What this task involves:
Each line below that contains "venta" should be counted. Give only the total.

Supplied entries:
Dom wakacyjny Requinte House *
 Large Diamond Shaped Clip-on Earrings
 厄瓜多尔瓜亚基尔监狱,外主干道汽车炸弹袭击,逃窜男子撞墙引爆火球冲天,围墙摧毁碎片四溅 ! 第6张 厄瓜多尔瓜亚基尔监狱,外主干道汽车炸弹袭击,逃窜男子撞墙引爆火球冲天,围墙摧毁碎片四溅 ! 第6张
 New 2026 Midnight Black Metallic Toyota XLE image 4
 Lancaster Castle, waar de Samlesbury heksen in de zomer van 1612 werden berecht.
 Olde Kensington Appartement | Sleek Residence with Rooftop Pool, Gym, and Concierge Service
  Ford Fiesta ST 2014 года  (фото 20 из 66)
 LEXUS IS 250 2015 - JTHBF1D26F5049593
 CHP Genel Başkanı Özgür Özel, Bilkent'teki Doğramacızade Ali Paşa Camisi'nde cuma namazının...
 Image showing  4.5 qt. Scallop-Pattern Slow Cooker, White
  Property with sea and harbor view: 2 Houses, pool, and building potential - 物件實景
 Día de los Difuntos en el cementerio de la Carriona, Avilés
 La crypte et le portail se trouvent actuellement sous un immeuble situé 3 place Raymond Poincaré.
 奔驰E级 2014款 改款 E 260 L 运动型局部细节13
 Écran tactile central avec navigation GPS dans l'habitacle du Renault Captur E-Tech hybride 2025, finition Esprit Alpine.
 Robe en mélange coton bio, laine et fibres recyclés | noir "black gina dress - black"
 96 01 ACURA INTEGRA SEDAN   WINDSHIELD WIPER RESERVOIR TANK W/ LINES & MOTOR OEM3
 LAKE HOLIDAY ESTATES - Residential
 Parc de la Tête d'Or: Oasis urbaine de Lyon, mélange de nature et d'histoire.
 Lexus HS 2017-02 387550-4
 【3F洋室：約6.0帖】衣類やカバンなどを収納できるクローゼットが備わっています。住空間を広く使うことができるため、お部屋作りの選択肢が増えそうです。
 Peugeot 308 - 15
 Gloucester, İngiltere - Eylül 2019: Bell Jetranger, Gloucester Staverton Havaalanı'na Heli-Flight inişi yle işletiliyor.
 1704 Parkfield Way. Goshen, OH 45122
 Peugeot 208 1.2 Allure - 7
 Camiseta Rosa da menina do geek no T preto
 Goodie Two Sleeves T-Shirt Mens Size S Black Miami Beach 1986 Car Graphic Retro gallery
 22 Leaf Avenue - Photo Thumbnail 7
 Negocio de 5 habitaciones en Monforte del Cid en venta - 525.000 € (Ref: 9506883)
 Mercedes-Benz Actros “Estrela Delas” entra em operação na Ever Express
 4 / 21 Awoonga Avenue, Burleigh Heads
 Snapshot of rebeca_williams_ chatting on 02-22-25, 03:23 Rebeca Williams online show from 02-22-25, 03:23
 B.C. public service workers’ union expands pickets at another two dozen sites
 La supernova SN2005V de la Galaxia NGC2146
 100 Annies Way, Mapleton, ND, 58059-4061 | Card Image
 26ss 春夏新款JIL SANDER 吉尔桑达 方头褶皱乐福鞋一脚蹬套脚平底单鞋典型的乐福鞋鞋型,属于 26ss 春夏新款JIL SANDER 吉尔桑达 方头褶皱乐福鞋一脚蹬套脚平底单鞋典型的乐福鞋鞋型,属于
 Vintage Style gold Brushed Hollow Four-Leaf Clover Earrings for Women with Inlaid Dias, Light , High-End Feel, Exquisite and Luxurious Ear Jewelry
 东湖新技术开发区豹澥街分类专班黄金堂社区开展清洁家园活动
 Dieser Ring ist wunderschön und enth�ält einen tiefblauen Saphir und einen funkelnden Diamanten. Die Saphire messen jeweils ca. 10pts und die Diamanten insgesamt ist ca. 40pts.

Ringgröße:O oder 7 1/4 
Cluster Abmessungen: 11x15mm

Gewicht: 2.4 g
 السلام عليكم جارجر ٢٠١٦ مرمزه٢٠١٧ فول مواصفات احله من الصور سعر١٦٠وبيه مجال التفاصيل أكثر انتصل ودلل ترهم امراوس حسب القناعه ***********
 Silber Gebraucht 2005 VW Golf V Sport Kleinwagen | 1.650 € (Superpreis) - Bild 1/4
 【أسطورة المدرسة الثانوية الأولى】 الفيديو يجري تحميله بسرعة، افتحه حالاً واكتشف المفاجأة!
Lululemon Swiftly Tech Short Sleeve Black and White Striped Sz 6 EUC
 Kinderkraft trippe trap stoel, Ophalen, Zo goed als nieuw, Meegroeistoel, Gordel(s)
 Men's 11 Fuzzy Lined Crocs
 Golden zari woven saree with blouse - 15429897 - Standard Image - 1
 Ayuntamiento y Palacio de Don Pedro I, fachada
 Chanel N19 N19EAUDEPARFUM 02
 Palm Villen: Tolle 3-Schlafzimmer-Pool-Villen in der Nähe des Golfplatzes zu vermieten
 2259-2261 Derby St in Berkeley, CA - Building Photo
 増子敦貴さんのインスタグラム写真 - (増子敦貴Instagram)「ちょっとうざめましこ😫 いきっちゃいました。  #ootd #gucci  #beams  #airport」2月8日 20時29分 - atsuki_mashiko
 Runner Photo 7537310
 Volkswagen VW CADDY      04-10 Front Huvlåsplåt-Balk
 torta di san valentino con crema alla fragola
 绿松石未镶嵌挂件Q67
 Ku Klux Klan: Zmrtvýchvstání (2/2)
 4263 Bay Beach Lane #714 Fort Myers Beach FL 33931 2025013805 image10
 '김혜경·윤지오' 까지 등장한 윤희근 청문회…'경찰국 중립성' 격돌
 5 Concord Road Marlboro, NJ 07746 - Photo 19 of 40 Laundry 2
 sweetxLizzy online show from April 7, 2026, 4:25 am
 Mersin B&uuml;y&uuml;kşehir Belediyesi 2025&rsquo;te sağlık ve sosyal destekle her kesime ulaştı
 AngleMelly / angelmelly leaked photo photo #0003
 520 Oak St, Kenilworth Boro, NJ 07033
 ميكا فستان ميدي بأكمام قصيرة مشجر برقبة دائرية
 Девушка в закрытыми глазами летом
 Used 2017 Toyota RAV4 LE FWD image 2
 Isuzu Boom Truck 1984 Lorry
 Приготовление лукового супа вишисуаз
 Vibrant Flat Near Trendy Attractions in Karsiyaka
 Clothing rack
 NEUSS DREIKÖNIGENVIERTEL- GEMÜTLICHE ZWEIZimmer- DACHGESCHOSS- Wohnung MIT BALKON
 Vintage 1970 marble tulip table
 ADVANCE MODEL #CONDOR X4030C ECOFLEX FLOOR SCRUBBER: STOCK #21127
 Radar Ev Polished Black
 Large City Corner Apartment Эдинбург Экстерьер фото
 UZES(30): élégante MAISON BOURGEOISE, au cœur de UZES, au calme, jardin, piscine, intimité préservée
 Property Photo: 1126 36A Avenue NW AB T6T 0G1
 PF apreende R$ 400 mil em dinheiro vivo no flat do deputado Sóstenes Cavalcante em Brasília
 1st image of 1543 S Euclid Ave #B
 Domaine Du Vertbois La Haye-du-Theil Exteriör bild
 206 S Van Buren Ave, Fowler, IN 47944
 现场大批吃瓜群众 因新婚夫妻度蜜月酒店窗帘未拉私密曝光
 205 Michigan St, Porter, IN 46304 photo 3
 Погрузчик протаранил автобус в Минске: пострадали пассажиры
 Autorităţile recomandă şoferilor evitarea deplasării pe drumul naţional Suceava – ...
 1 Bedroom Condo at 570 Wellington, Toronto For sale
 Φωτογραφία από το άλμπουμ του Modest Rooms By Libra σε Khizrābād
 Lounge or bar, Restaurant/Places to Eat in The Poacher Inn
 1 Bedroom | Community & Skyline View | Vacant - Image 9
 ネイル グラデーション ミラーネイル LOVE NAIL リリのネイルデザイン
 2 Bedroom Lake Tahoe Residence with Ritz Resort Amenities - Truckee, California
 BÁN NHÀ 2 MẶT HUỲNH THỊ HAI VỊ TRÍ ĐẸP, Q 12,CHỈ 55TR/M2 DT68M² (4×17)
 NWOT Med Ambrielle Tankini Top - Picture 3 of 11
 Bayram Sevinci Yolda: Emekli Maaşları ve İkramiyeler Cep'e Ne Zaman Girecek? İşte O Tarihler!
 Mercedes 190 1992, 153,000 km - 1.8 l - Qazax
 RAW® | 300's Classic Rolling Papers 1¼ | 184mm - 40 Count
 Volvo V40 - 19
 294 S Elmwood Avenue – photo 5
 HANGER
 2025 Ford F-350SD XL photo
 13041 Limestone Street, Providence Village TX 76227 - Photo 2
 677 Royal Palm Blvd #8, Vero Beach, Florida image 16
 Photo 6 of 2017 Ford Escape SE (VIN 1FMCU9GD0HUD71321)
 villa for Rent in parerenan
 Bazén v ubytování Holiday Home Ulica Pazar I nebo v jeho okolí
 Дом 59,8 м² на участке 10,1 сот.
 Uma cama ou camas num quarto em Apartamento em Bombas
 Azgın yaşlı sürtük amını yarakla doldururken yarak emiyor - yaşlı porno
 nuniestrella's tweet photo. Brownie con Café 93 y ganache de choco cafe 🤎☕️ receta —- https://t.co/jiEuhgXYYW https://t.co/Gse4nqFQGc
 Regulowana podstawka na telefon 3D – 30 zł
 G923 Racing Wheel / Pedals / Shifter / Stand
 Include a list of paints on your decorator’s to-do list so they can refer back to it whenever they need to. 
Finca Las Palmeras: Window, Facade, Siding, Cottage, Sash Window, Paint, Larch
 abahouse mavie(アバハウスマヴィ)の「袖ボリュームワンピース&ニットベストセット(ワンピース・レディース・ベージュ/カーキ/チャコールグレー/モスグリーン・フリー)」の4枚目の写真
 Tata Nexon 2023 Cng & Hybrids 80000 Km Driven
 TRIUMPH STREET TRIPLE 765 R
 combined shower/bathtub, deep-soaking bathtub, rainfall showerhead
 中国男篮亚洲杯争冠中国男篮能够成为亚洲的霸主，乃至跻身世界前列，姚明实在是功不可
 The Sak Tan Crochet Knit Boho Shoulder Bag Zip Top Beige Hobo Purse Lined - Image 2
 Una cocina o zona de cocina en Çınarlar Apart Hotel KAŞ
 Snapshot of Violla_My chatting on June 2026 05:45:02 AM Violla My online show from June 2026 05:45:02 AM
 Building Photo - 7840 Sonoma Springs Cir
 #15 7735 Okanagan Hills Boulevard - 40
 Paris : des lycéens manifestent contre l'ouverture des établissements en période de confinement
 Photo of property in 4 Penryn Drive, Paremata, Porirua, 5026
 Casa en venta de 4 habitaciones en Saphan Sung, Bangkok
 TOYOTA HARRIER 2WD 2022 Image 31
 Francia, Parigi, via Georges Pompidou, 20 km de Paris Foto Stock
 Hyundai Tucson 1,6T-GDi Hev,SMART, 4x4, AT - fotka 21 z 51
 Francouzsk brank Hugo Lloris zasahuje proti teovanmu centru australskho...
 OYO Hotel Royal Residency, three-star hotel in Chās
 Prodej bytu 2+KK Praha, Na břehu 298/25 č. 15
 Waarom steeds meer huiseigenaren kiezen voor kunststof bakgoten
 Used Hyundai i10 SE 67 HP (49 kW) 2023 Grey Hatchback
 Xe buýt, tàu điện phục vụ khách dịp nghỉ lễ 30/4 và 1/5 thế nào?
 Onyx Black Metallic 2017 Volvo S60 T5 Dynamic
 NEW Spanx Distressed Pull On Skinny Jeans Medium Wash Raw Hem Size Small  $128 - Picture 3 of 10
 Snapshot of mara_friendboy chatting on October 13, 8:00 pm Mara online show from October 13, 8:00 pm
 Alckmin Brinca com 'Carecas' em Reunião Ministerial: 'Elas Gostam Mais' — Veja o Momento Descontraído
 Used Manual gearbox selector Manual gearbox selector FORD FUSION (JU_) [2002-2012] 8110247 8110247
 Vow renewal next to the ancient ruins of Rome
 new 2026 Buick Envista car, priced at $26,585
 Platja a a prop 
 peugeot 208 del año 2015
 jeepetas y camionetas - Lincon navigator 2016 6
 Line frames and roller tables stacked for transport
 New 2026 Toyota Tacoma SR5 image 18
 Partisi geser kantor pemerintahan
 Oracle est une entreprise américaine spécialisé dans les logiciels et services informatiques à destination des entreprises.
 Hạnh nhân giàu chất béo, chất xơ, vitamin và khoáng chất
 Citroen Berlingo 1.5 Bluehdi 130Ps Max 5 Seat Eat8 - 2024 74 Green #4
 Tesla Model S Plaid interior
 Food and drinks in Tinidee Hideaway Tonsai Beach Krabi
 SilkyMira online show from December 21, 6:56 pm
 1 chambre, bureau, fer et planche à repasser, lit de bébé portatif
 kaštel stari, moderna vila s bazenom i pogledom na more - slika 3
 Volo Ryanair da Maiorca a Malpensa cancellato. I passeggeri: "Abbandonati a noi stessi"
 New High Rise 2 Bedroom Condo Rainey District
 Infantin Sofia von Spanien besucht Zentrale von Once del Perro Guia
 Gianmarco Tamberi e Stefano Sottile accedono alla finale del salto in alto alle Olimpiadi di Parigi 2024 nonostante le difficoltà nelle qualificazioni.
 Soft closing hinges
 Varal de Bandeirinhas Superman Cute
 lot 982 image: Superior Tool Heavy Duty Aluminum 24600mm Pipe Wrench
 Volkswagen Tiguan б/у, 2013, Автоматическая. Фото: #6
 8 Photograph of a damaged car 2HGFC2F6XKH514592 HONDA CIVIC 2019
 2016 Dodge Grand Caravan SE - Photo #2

Result for this task:
2